Determining the potential of shale-gas reservoirs involves an exhaustive process of calculating the volume of total gas, or original gas in place (OGIP). The calculation of total gas relies on calibrating wireline logs to core data, which are considered to be an empirical validation or ‘ground truth’. However, inconsistency in sample preparation and analytical techniques within, and between laboratories creates significant uncertainty in calculating the free- and adsorbed-gas components, which constitute total gas. Here, we present an analytical program performed on samples of core to elucidate the causes of uncertainty in calculation of total gas. The findings of this program are used to propose improved methods of calculating total gas from core.
Free gas calculated from properties, such as porosity and water saturation measured on core, was found to be highly dependent on laboratory analytical protocols. Differences in sample preparation and water extraction methods led to relative differences of 20% in water saturation and 10% in porosity observed between laboratories, leading to differences of 35% in calculations of free gas in place (FGIP).

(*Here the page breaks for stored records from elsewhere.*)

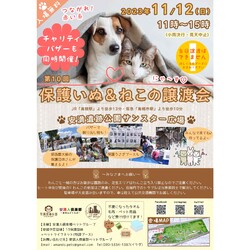 安満遺跡公園　保護犬猫うさぎ譲渡会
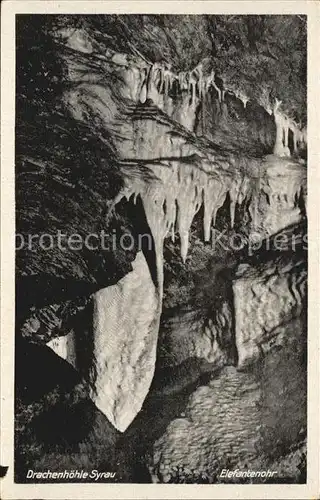 AK / Ansichtskarte Hoehlen Caves Grottes Drachenhoehle Syrau Elefantenohr Kat. Berge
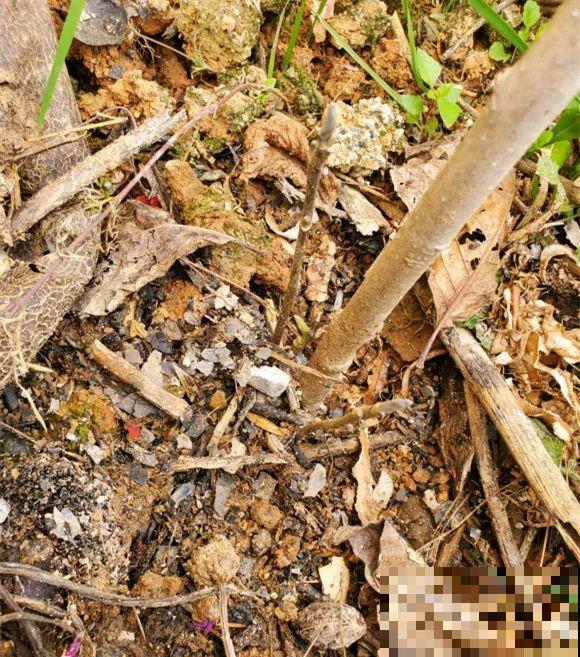 家门口种棵“吉祥花”，满树都开花，还有“镇宅”好兆头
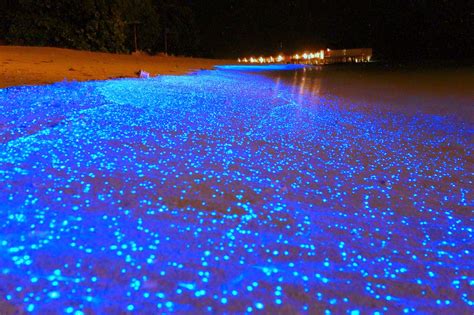 Sea of Stars, Vaadhoo Island, Maldives | 27 Pictures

Adsorbed gas was evaluated using methane adsorption testing to study the changes in Langmuir parameters in samples with a wide variety of water saturations, clay content, and total organic content over a range of temperatures. It was found that the storage capacity of adsorbed gas artificially increased by a factor of two to three when the experimental temperature exceeded the boiling point of water. This increase is related to the expulsion of clay-bound water and subsequent availability of clay surfaces for methane adsorption.
Total gas in place (TGIP) is the sum of free and adsorbed gas volume estimates. The interaction and overlap of pore space between these two volume components are also important to consider. It is proposed to use a simplistic monolayer-based correction of volume of adsorbed gas from the free-gas volume based on a composite pore-size distribution from scanning electron microscopy (SEM) point-counting and nitrogen-adsorption data.
Pressurized sidewall-core samples were acquired at reservoir conditions to measure free- and adsorbed- gas volumes during controlled depressurization under laboratory conditions. This provided a baseline measurement for comparison with calculations from traditional measurements to understand which laboratory protocol and sample preparation technique provided the most robust results.
This study has elucidated methods to reduce the uncertainty in gas-in-place calculations and better understand resource distribution in dry-gas source rocks.